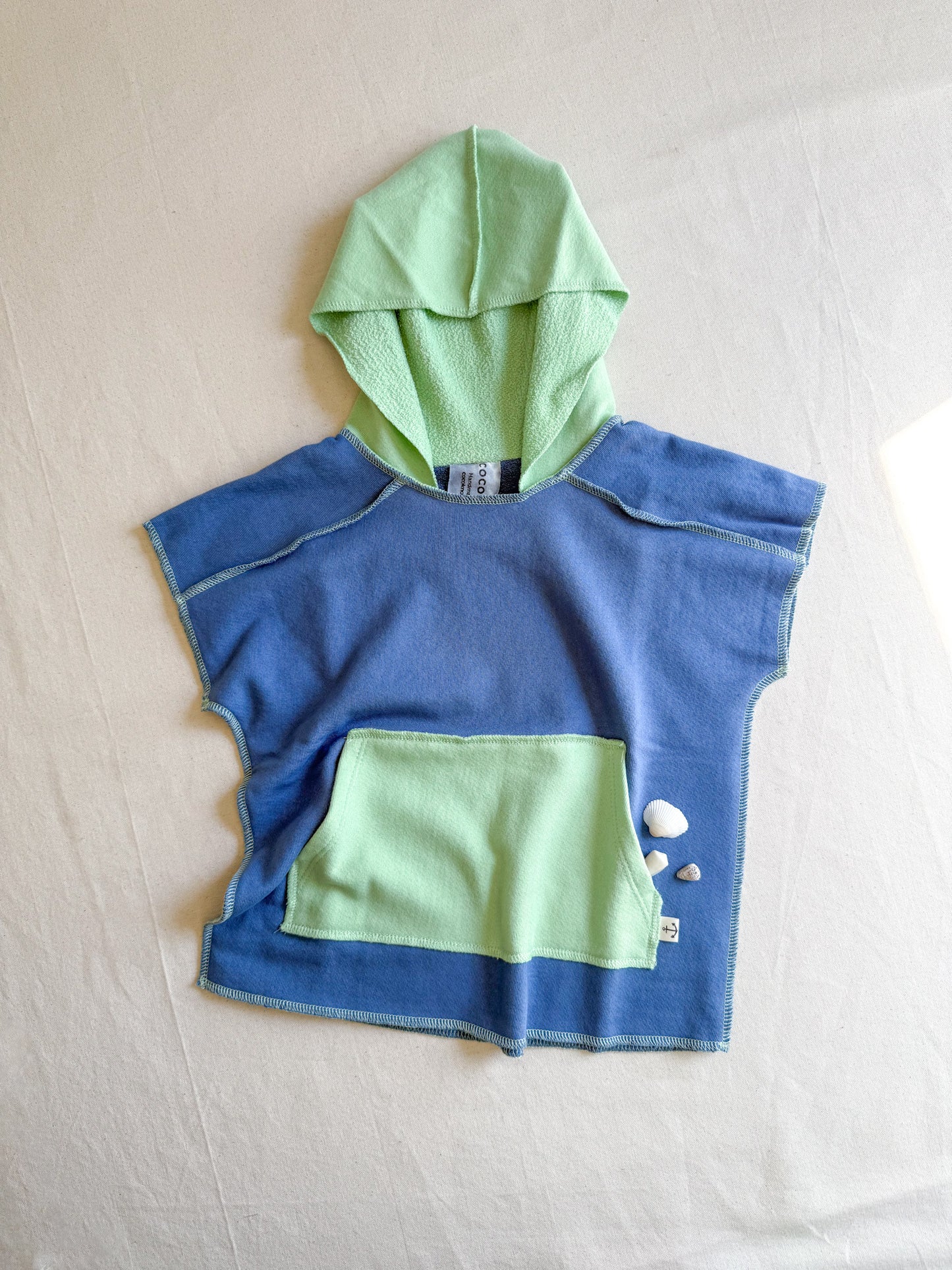 BEACH PONCHO - LAGUNA / FROSTED LIME SOLID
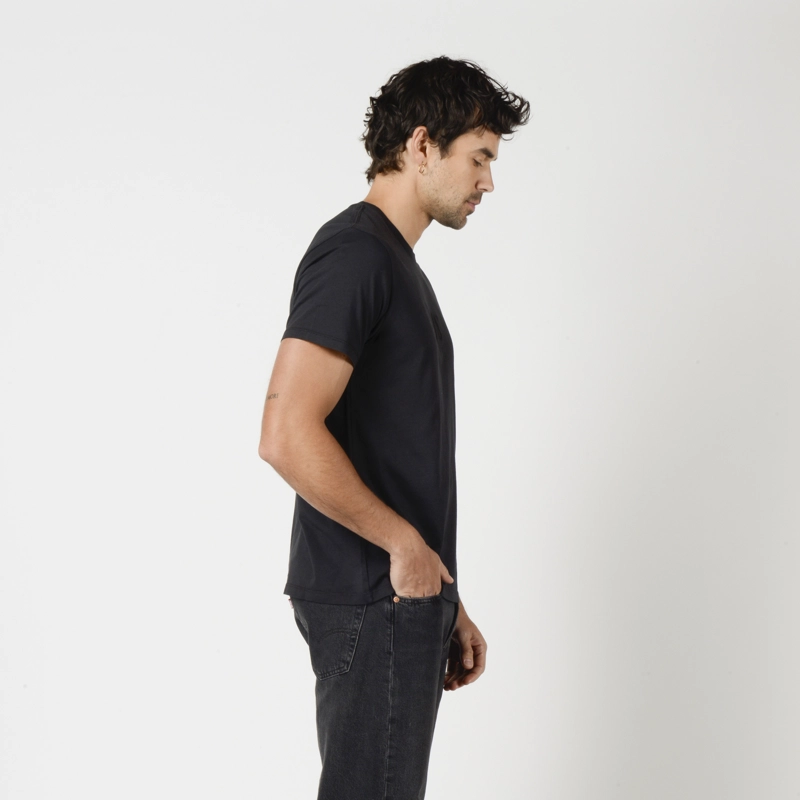 POLERA HOMBRE GRAPHIC CREWNECK TEE CAFE LEVIS 22491-2193 - 2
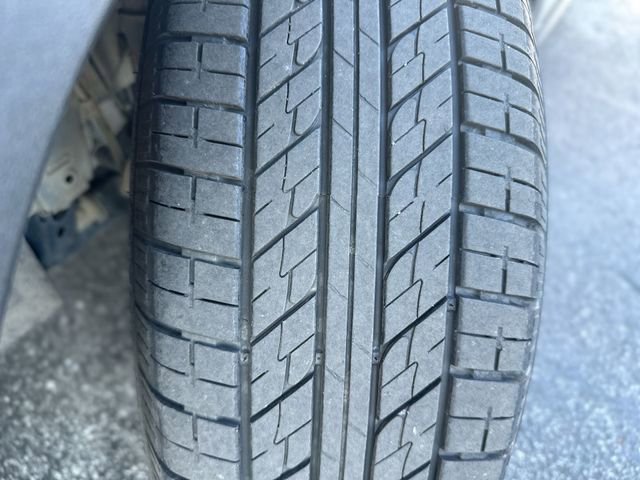 Used 2020 GMC Terrain SLE w/ LPO, Floor Liner Package FWD image 11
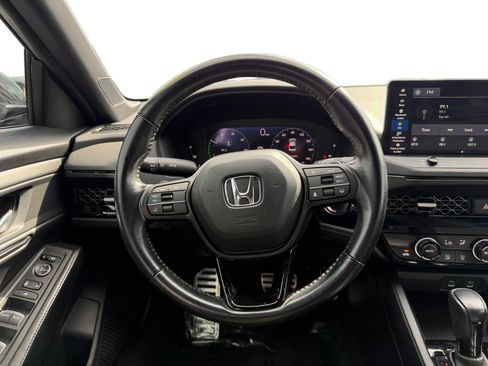 Used 2023 Honda Accord Sport image 12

**EXERCISE PROMPT**
Every line of the data should be copied as it stands, without the images.

**OUTPUT BELOW**
 BEACH PONCHO - LAGUNA / FROSTED LIME SOLID
 POLERA HOMBRE GRAPHIC CREWNECK TEE CAFE LEVIS 22491-2193 - 2
 Used 2020 GMC Terrain SLE w/ LPO, Floor Liner Package FWD image 11
 Used 2023 Honda Accord Sport image 12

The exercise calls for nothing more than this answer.